Evidentemente, los tiempos iban cambiando y en la Ciudad de México, era necesaria la implementación de nuevos sistemas de transporte; si bien es cierto que autobuses foráneos y urbanos ya daban servicio en diversas rutas de la ciudad, éste resultaba insuficiente, de manera que había necesidad de pensar en un sistema más veloz y que diera mayor capacidad de traslado.
Datos que hacen referencia a la historia de la Ciudad de México, describen que para 1953, la población se había incrementado a 3.5 millones de habitantes; para el año de 1960, había aumentado a 4.5 millones y para 1964, había una fuerte tendencia hacia los 5 millones de habitantes, en contraste con las 7 mil 200 unidades de transporte público que circulaban por la capital.
De este modo, de 1967 a 1969, en la capital del país se gestaba lo que sería uno de los proyectos más importantes y ambiciosos por parte de un gobierno y nunca antes visto en la historia de México.
Bajo la gestión del entonces presidente Gustavo Díaz Ordaz, el 29 de abril de 1967, se publicó en el Diario Oficial de la Federación el decreto presidencial con el cual se crearía el Sistema de Transporte Colectivo, considerado como un organismo público y descentralizado, que sería creado para construir, operar y explotar un tren rápido, subterráneo en la capital del país: El Metro.
De acuerdo a datos oficiales, en la construcción de la primera etapa de este sistema de transporte, los trabajos se realizaron bajo la coordinación del arquitecto Ángel Borja, quien en conjunto con equipos de trabajo multidisciplinarios, en los que participaron ingenieros geólogos, químicos, electricistas, arqueólogos, biólogos, arquitectos, especialistas en ventilación, en estadística, en computación, en tráfico y tránsito, contadores, economistas, abogados, obreros especializados y peones, dieron vida al proyecto Línea 1.

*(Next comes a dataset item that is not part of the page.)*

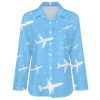 Airplane Print Women's Button Down Shirts Long Sleeve Casual Blouses Tops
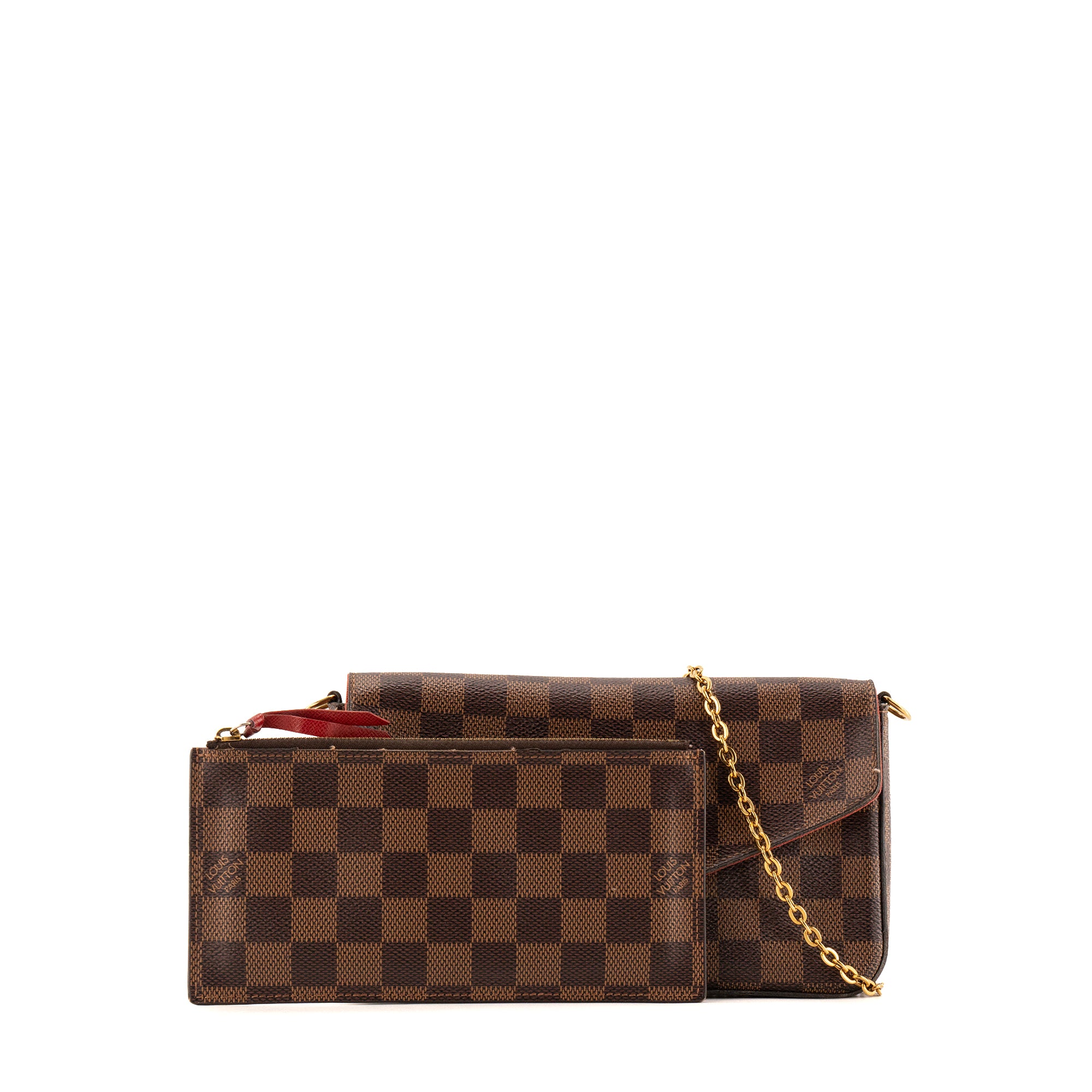 LOUIS VUITTON - Pochette Félicie Louis Vuitton en toile enduite damier ébène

Si bien todavía se trabajaba en lo que sería la primera línea en el año de 1968, en otras partes de la ciudad se iniciaban los trabajos de construcción de las líneas 2 y 3.

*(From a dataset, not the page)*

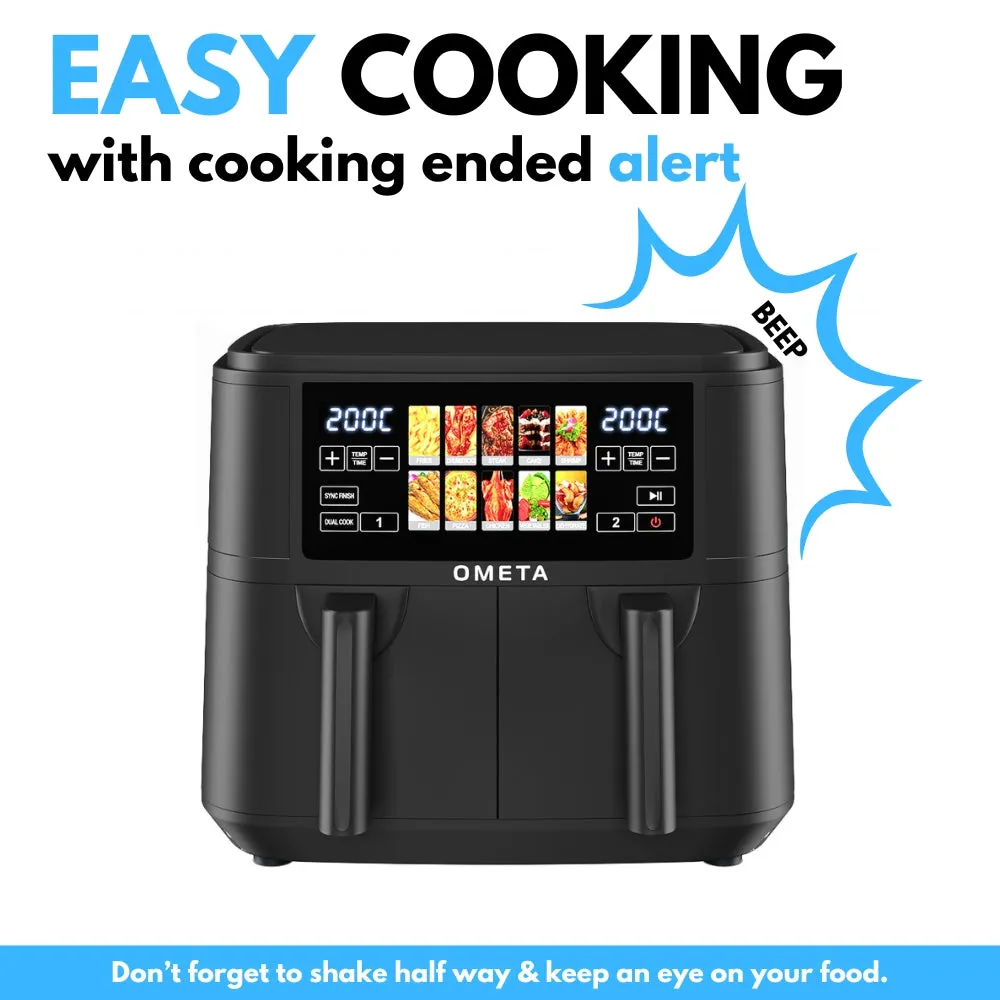 Ometa Lumi 10L Dual Air Fryer, Black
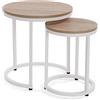 VERSA Megan Tavolino Ausiliario per Soggiorno, Tavolino Moderno, Insieme di 2, Misure (A x L x l) 48 x 45 x 45 cm, Legno e Metallo, Colore Bianco e Marrone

Estos mismos datos revelan que para esta primera etapa de construcción, llegaron a laborar 48 mil obreros, lo que permitió terminar en promedio, un kilómetro de Metro por mes.

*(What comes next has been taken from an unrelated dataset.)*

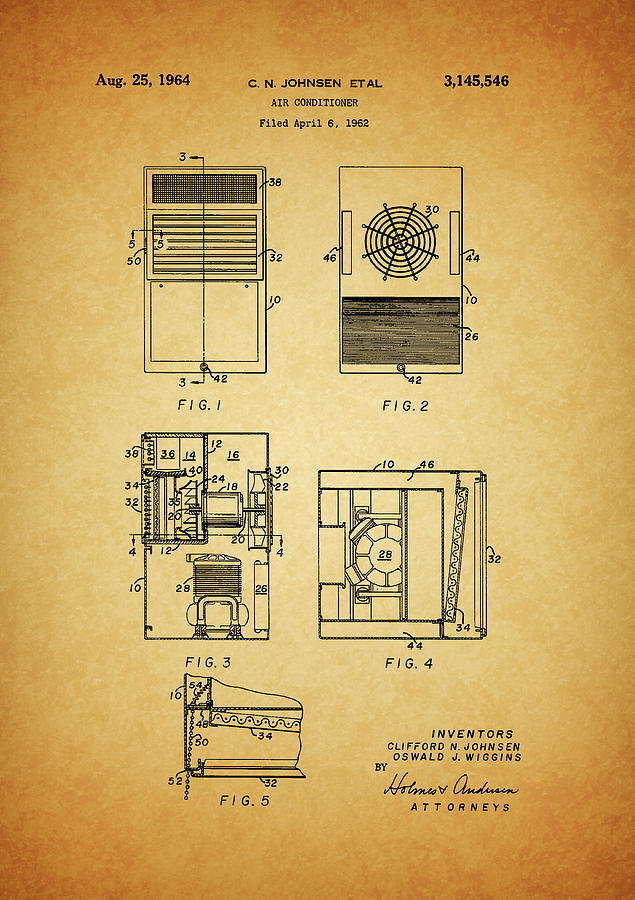 1964 Air Conditioner Patent Drawing by Dan Sproul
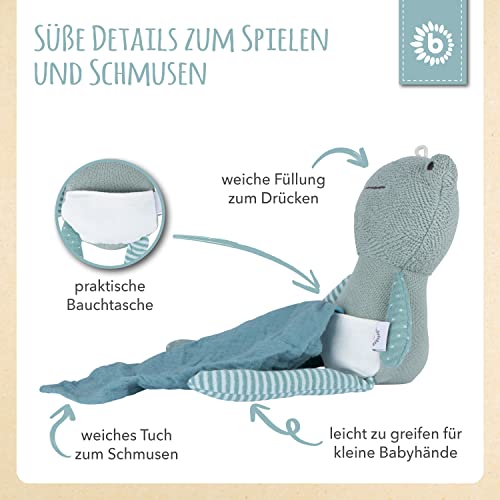 Bieco Frosch Kuscheltier Mit Schmusetuch | 30 cm | Plüschtier für Baby, Mädchen & Junge | Stuffed Animal | Süßes Stofftier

El tramo inicial comprendía 12.66 kilómetros; para el 11 de abril de 1970, fue inaugurado el tramo Chapultepec-Juanacatlán y unos meses después, el 20 de noviembre de 1970, se extiende el tramo hasta Tacubaya.
Para las últimas etapas de construcción, el 10 de junio de 1972, se extiende el servicio hasta Observatorio, siendo ésta la estación terminal de la Línea 1.